Naprawdę, nie powinniśmy spłycać tego obrazu, sprowadzając go wyłącznie do wątku o Enigmie, bo jest to ogromne uproszczenie. Zwłaszcza, że opowiadanie o procesie łamania szyfru nie jest jego celem. Dzieło reżysera Mortena Tylduma ma coś innego, zdecydowanie głębszego do przekazania.
Dlaczego film „Gra tajemnic” nie opowiada prawdziwej i słusznej wersji historii, i nie skupia się na działaniach polskich naukowców, którzy złamali kod Enigmy, a prezentuje jedynie brytyjski wkład w kryptologię podczas II wojny światowej?
=> Po pierwsze, jest to film fabularny, a nie dokumentalny.
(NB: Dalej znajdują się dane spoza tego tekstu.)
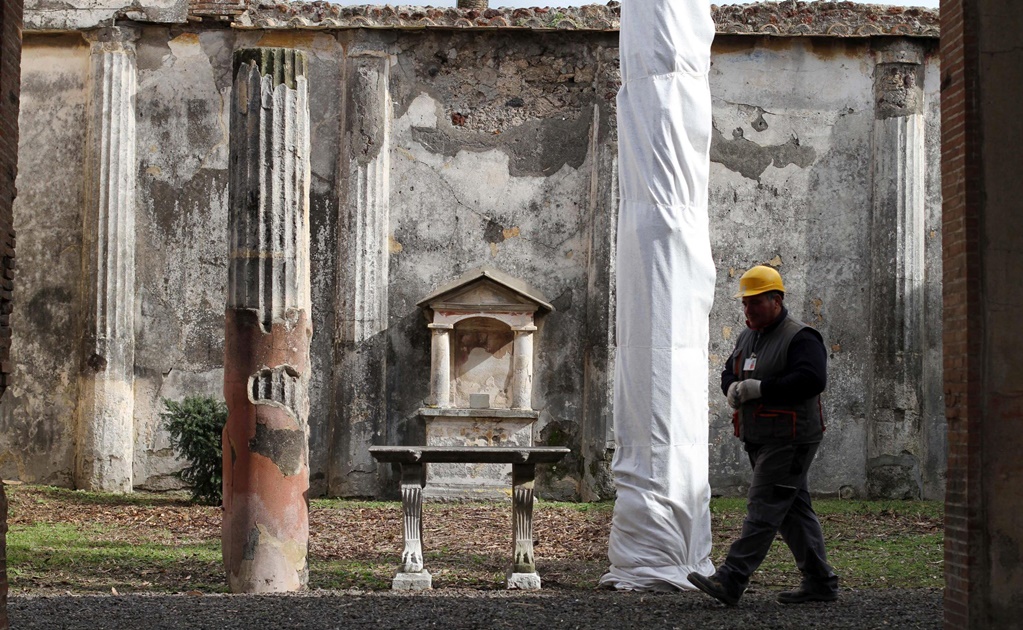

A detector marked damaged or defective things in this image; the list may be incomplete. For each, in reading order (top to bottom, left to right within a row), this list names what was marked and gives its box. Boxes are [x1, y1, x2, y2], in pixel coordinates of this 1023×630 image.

wall with peeling plaster [0, 22, 941, 499]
W tym drugim szukalibyśmy źródła wiedzy, wymagalibyśmy sprawdzonych źródeł, wierności historii. Filmy fabularne są rodzajem sztuki, dlatego w niejednoznaczny sposób, czasem bardzo subiektywny, mówią o rzeczywistości i powinniśmy je, jako widzowie, oceniać z innego punktu widzenia.
Tutaj od samej treści opowieści ważniejsze jest to, jak ona jest opowiedziana. Czy współgra z muzyką, plastyką obrazu, grą aktorską. Jak w każdej dziedzinie sztuki – nie wystarczy genialny pomysł, liczy się wykonanie.
=> Po drugie, jest to film produkcji brytyjskiej i amerykańskiej, dlatego prezentuje wkład w rozszyfrowanie kodu Enigmy z innej perspektywy, niż byśmy chcieli. W „Grze tajemnic” skupiono się na końcowych osiągnięciach związanych ze złamaniem kodu niemieckiej maszyny, tj. konstruowaniu tzw. bomby Turinga. Mimo wszystko główny bohater filmu, Alan Turing, w pewnym momencie przyznaje, że pracuje na materiałach dostarczonych mu przez polskich kryptoanalityków (M. Rejewski, H. Zygalski i J. Różycki skonstruowali wcześniej tzw. bombę kryptologiczną).
=> Po trzecie i chyba najważniejsze, „Gra tajemnic” to obraz biograficzny, którego celem jest zaprezentowanie skomplikowanego, a przez to ciekawego życiorysu samego Alana Turinga – postaci wyjątkowej, ale zarazem tragicznej w brytyjskiej historii. Oczywiście, w filmie istotny jest wątek Enigmy, II wojny światowej, bo w takich czasach żył główny bohater i jego największe osiągnięcia związane są właśnie z kryptologią. Nie sprawia to jednak, że Tyldum ogranicza się tylko do tego.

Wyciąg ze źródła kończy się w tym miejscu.